Search This Blog

2005-10-30

In the words of Happy Gilmore

"All you need for golf are goofy clothes and a fat ass! My next door neighbor must be a great golfer...huge ass!"

The news says the golf craze is slowing down. Well, why should people go crazy and worry? Americans (who have unrealistic expectations in the first place) get stupid when something considered a "boom" starts to slow down. They somehow think the latest "boom" over golf is indicative of something. Here's your answer:

Their right, it is indicative of something, but it has nothing to do with golf.

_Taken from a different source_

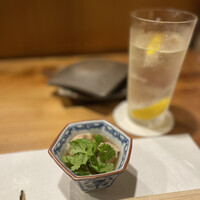 炭火焼鳥 木鶏 -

Here's the truth...sorry if it hurts you golfer-weirdo's out there: The only reason for golf courses is to build and sell the real estate around them. Period.

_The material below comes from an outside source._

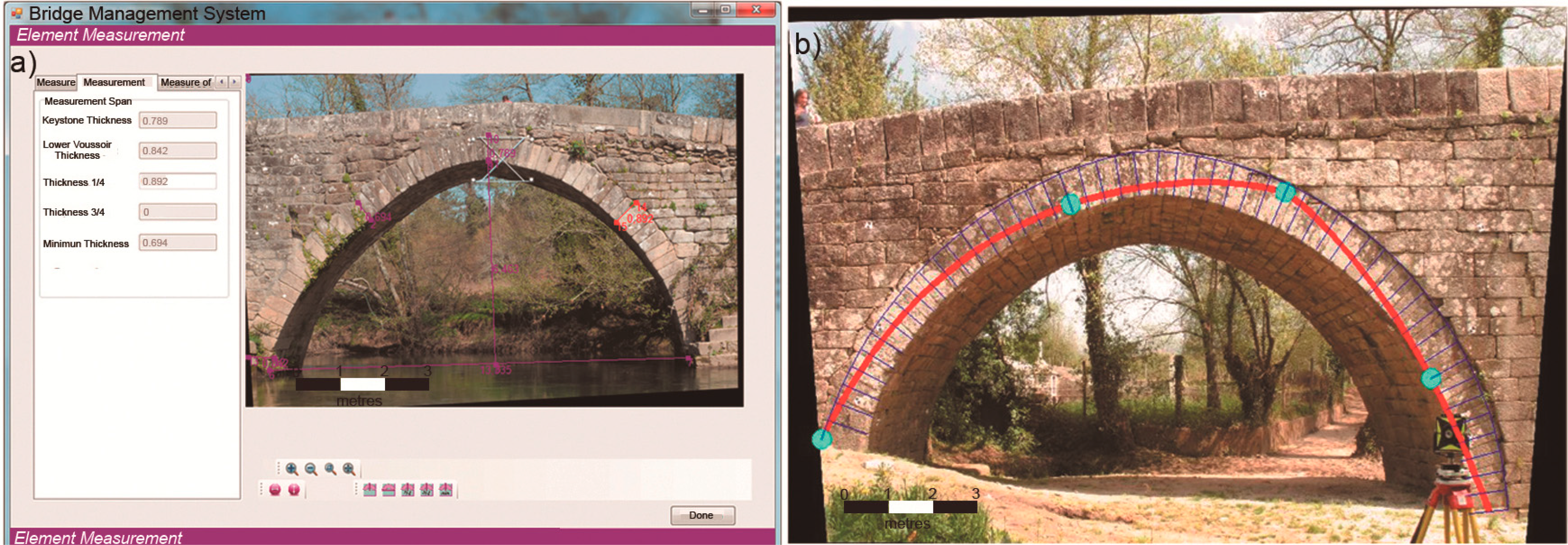 Remotesensing 06 07800f7 1024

Americans, in their hunt for bling, have to be able to look down their noses at someone and say they live on a golf course. It's something Americans have to do, since an ego is one of our traits, and concentration on stuff that isn't important to anyone else but us, like material crap. Then they pull the oldest (nerd) trick in the book, which is take someone golfing, play down the course on their street, then try to act surprised as they exclaim to their guest "wow, I can see my house from the course!" Well of course you can, dipshit, it's 50 feet off the course and you've played that hole a hundred times... Now your guest thinks you're a real jerk too. Nice going.

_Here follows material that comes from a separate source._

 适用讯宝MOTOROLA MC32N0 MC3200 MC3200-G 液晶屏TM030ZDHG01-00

It's not hard, the interest rates have started to go back up, and the amount of available housing around golf courses has decreased. It's a no-brainer. Besides, after the big attempt to attract John-Q Public to play golf, and seeing as many pairs of cut-off jeans and wife-beaters on the course, people get a bit tired of that kind of thing. The reason for the bandana hanging out of the back pocket is what again? Como? Come to find out, those high-top sneakers and all the Marlboro butts actually are bad for the course.

The hard reality of it is, unless you can afford the real estate, most of the golf courses around nowadays are private, so you're looking at forking-over some dough to play. The public courses are expensive too, and usually chewed-up by all the other golfers and neglected by the owners who put more money into the bar and restaurant than the course. People get tired of having the wife constantly tell them to bring the kids to the pitch-and-putt irons course (so she can go cheat on you for the afternoon), and once they get fairly good at the game, are tired of all the hackers and beer-golfers who screw-up the course and then make nine-holes take three hours.

Hey, it's a great game for senior citizens and corporate types, but if you're a guy who wants to hang with the kids, or do something where the scenery changes and you don't have to look at old women in plaid, try something else. Did you know fishing is the number-one sport in the country, twice as popular as NASCAR, pro sports, and yes, even golf. Why? Because it's not the game that's important, but the people you spend time with while you do them. Write that down.

Take up golf when you're knees finally give out, or you give really want to shine the boss's ass. Chances are he's got a big ass.

Never trust someone who doesn't fish.